Assignment: Retype the lines of the listing below exactly, but only those from the one containing "Bà Anna Sitnyk" through the last line; pictures stay out.

Supplied data:
* * *
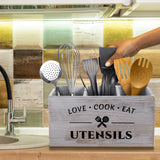 MINCORD Utensil Holder with 3 Compartments, Rustic Utensil Caddy Wood Utensil Crocks for Kitchen Counter, Farmhouse Flatware Utensil Organizer Storage Box for Silverware Fork Spoon Spatula MINCORD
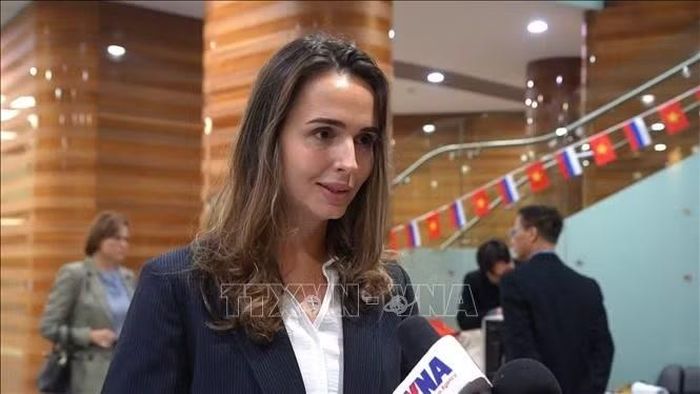 Bà Anna Sitnyk - Giám đốc điều hành và là đồng sáng lập Tổ chức ANO “Coordination Laboratory” trả lời phỏng vấn TTXVN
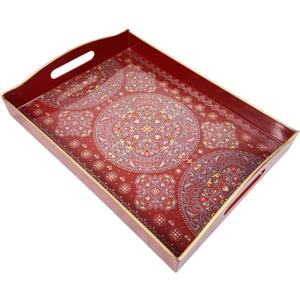 Umisriro Boho Red Decorative Tray, Serving Tray with Handles, Plastic Tray for Coffee Table, Ottoman  Ideal for Living Room & Bathroom. 15” x 11” x 2.5”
* * *
Answer to this exercise:
 Bà Anna Sitnyk - Giám đốc điều hành và là đồng sáng lập Tổ chức ANO “Coordination Laboratory” trả lời phỏng vấn TTXVN
 Umisriro Boho Red Decorative Tray, Serving Tray with Handles, Plastic Tray for Coffee Table, Ottoman  Ideal for Living Room & Bathroom. 15” x 11” x 2.5”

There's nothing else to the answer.